The success of these Negro and Creole musicians was bound to have a far-reaching influence. The jazz craze had begun to sweep the country, and "commercial jazz" was being organized in a more systematic fashion. The "pure" jazz musicians such as Ory and Oliver, in spite of many successful engagements and a certain amount of prestige among fellow musicians, were never able to reach wide audiences. It remained for people with more developed promotional talents, who were able to dilute the music sufficiently in order to make it palatable to a broad public, to actually make something "big" out of jazz. Unavoidably many elements of jazz were lost in the process.


The most remarkable of these popularizers was Paul Whiteman. His amazing success story begins in Los Angeles. Whiteman, a viola player from San Francisco, was the first to realize clearly how far you could go by using just enough and not too much of the jazz language, merging it with more "respectable" forms of music and achieving a product different enough to attract large audiences and not strong enough to shock them. Whiteman perfected his "symphonic jazz" formula at the Old Alexandria Hotel in Los Angeles, then the most fashionable playground of the movie colony. His pianist and arranger was Ferde Grofe, and Henry Busse was on trumpet. It was a big band for those days: 2 saxes, 2 brass and rhythm. From the Old Alexandria Whiteman took his symphonic jazz to New York and bigger bands and bigger money and concerts and George Gershwin to become the "King of Jazz." (He was to return to Hollywood some ten years later to make the famous film musical of that title.)

Aside from Ory and the other New Orleans jazzmen who were playing their uncompromising music to relatively small crowds, there was nothing except caricatures of jazz by clown bands and absence of jazz by society bands until Ben Pollack appeared on the West Coast scene.

Pollack had made a name for himself in and around Chicago, and had played drums with the New Orleans Rhythm Kings, the best of the white jazz bands. In 1924 he opened at the Venice Ballroom, a dance hall on Venice pier overlooking the Pacific. His big band used original arrangements and at once captured the imagination of all musicians and listeners who were intrigued by the new music. Pollack was the first on the West Coast to attempt an intelligent and musically valid approach to jazz arranging. As his fame grew, many talented young musicians were attracted to his band. In the summer of 1925 an unknown clarinetist from Chicago, Benny Goodman, joined him, and shortly afterward Glenn Miller, who had been playing with Abe Lyman in Redondo Beach. Pollack left the Venice Ballroom in 1926 to go East, where he continued to have good bands, and to use many of the finest musicians and arrangers. He kept a remarkable amount of jazz spirit within the framework of a big commercial band, and although he came close several times, he never really made the big time.

Los Angeles was not an important music center in the 1920's.

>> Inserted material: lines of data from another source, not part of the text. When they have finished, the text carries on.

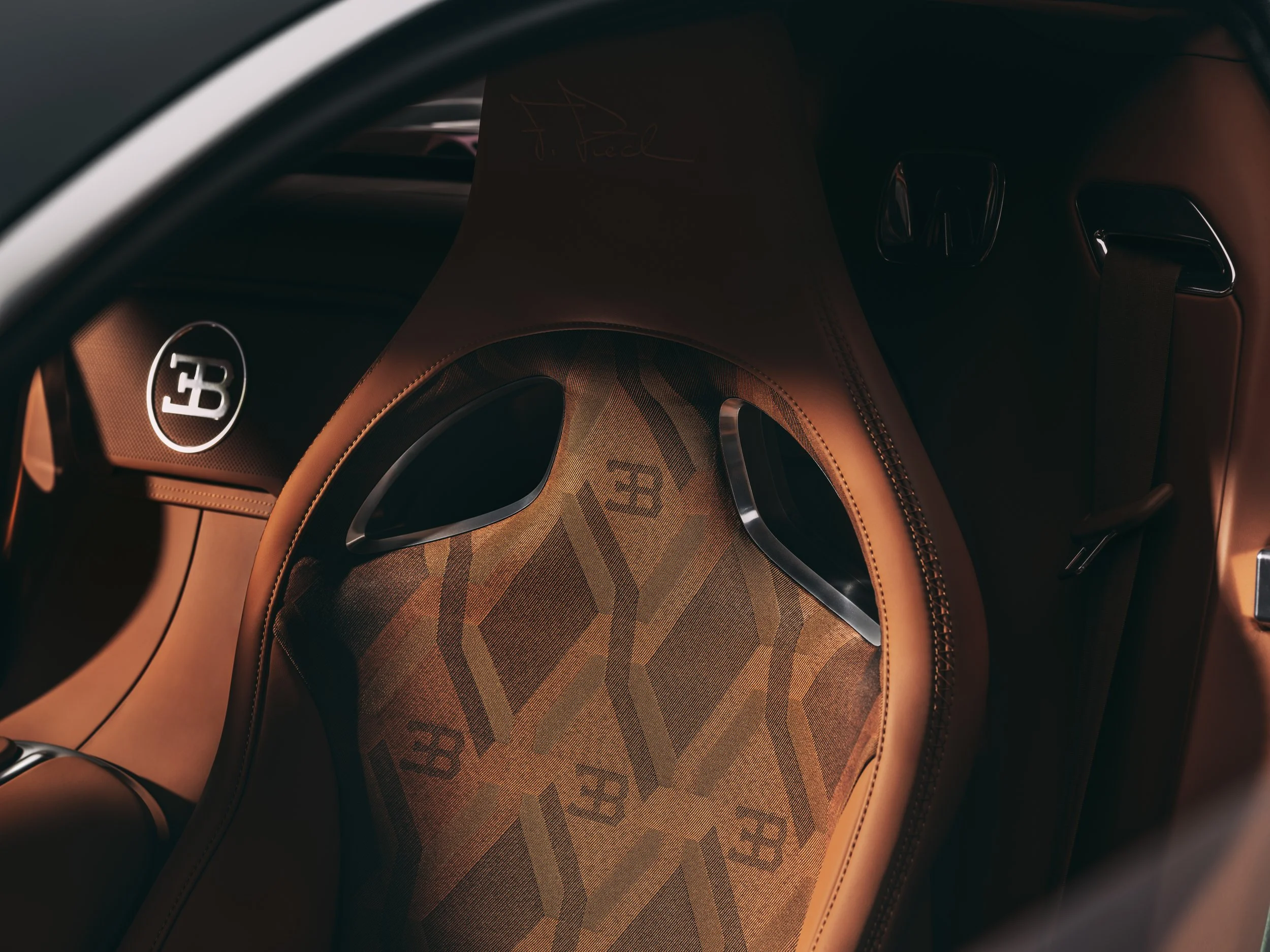 Stephan Bauer Bugatti F.K.P. Hommage -20.jpg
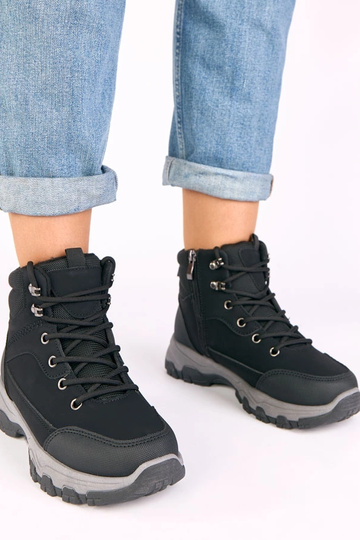 Briana schwarze Plateau-Boots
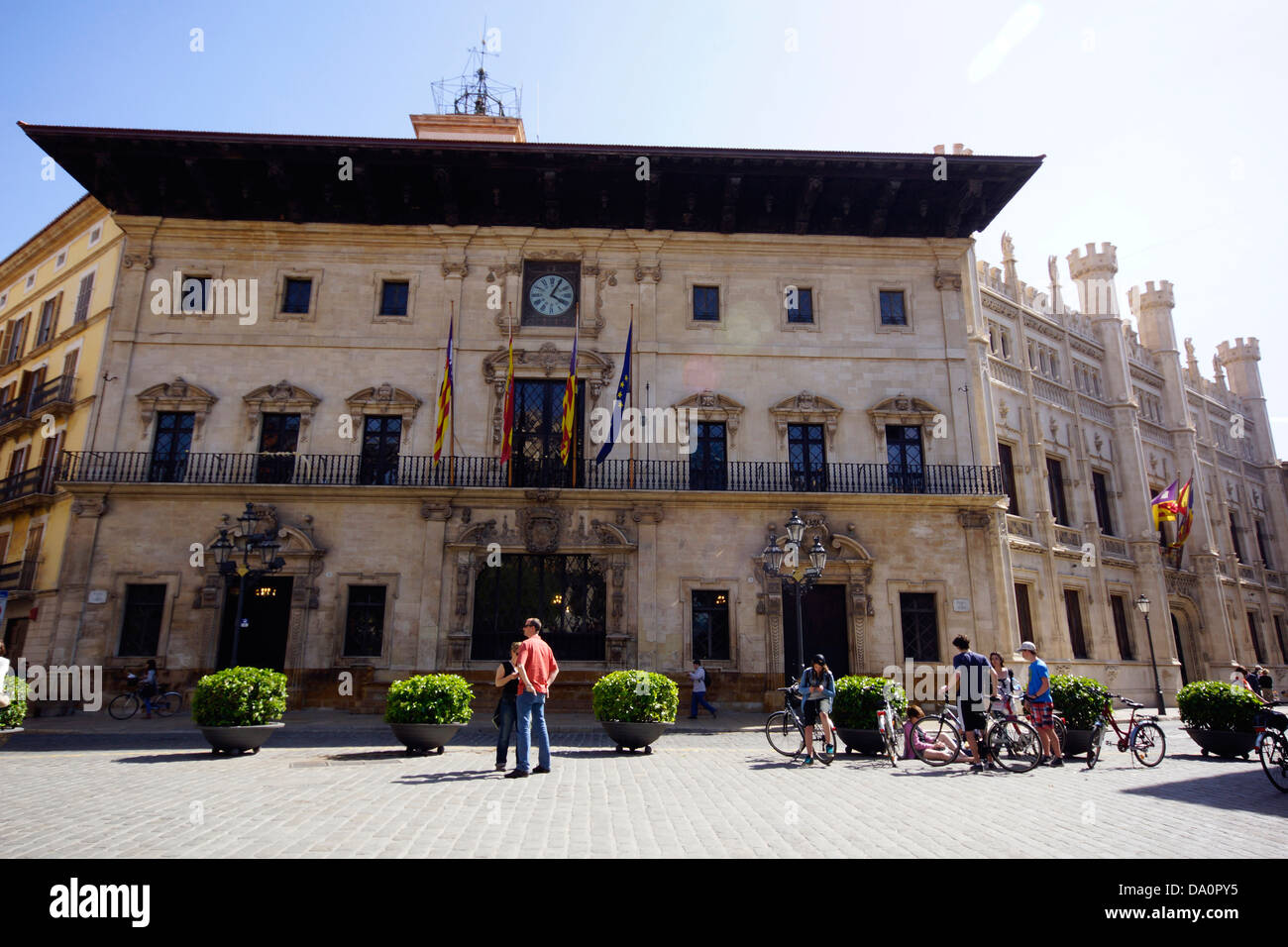 https://mdw-travel-data-us-east-1.s3.amazonaws.com/img/country/Spain/Palma-City-Hall/img_04.jpg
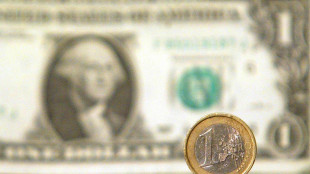 L'euro &egrave; in calo, scambiato a 1,1533 dollari
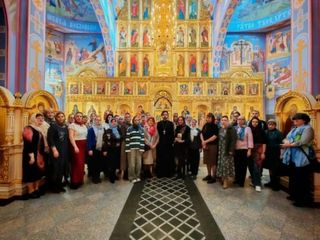 Учителя ОРКСЭ Красносельского и Петроградского районов совершили паломничество в храм Ксении Петербургской на Лахтинской улице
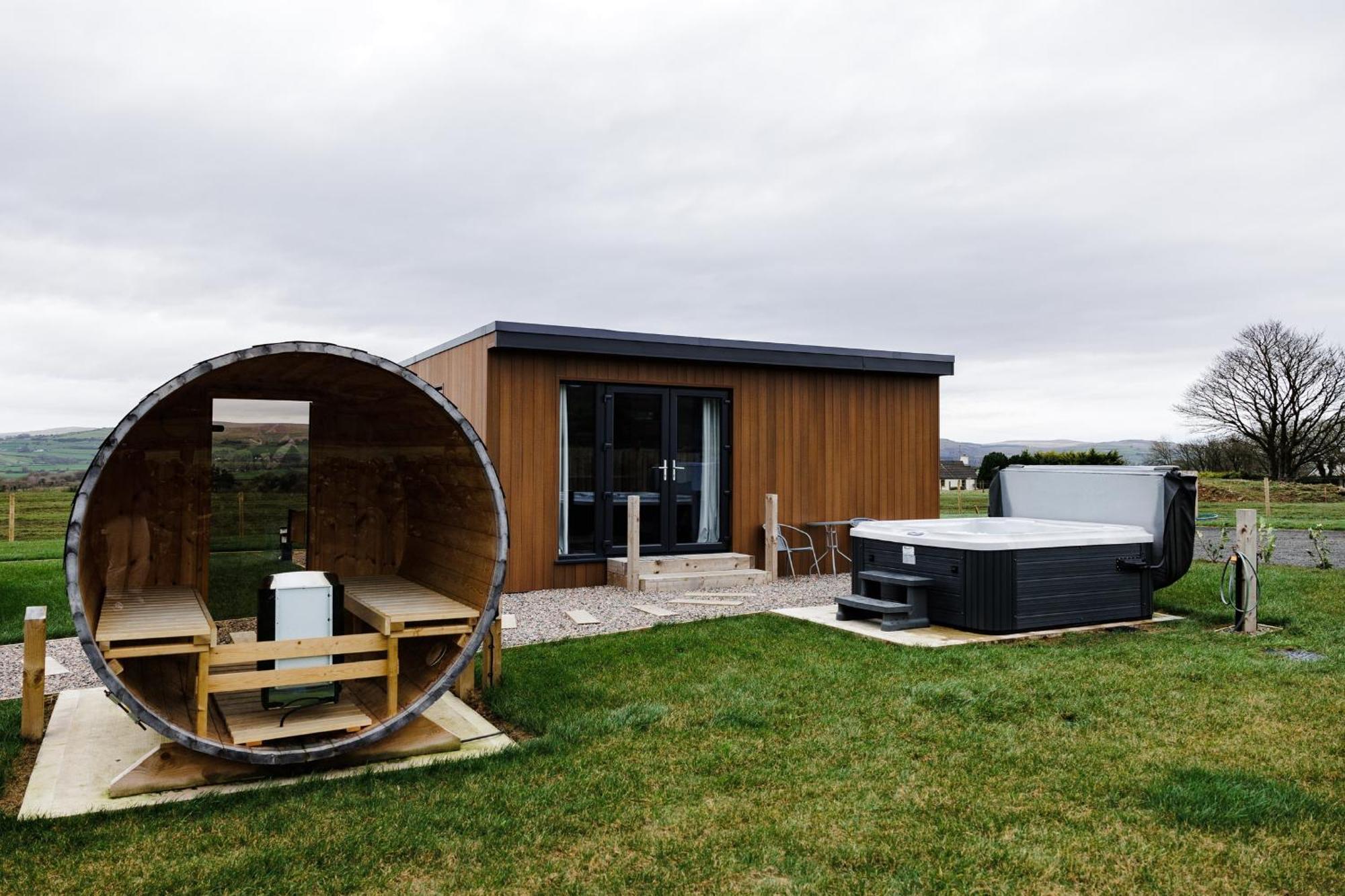 Slemish Hideaway - Funky Pheasant Villa Broughshane Bagian luar foto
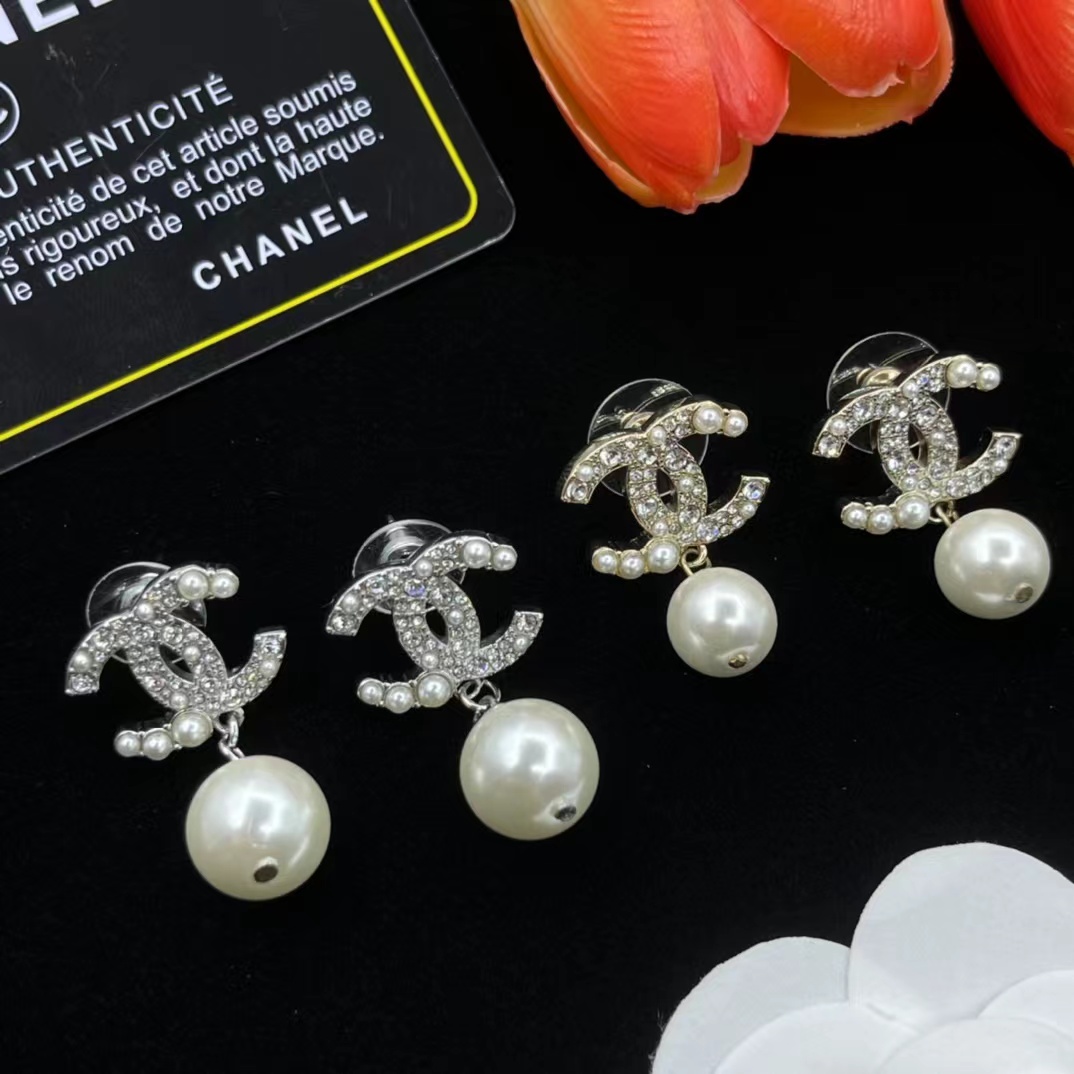 Replica Chanel Prom Pearl Dangle Earrings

For several years after Pollack left, nothing of great consequence took place, Jazzmen were playing in theatre pit bands, at burlesque houses and in small clubs, but they were usually isolated and surrounded by musicians who had no conception of jazz.

Interest in jazz on the West Coast was awakened by the amazing series of recordings Louis Armstrong had been making in Chicago. Armstrong's immense solo virtuosity cleaned many ears and opened many eyes. Everywhere, musicians felt his influence, and in the West, white musicians who had never paid much attention to Negro jazz and were drowning in an ocean of insipid arrangements reacted violently to the clean, fresh air Louis was blowing. They began to listen to the many fine local Negro musicians who had been playing in almost total obscurity. The best of these groups in the 1920's was Curtis Mosby's Kansas City Blue Blowers at the Apex Club (which later became the Club Alabam). Among Mosby's sidemen were Lawrence Brown on trombone and Lionel Hampton on drums; Ivie Anderson was in the floor show and sang a few vocals. Mosby broadcast frequently and many musicians listened, especially to Lawrence Brown, who was considered by many to be the finest on his instrument. It was somewhat of an event in musical circles, therefore, when Brown left Mosby and joined Les Hite at Sebastian's Cotton Club. Unlike the Alabam, the Cotton Club attracted white audiences, and it was there that many heard jazz for the first time. When Louis Armstrong, by this time generally recognized as the finest soloist in jazz, came to Los Angeles for the first time, he brought no band with him and appeared at the Cotton Club fronting Les Hite's group. He was idolized by all the musicians who heard him, and a hero-worshipping cult soon formed around him. Armstrong shared everyone's admiration for Lawrence Brown, featured him extensively, and with Lionel Hampton on drums, this was the most exciting music to be heard on the Coast in 1930. Louis made some of his best-known records in Los Angeles with Les Hite (Confessin, If I Could Be With 'You, I'm a Ding Dong Daddy).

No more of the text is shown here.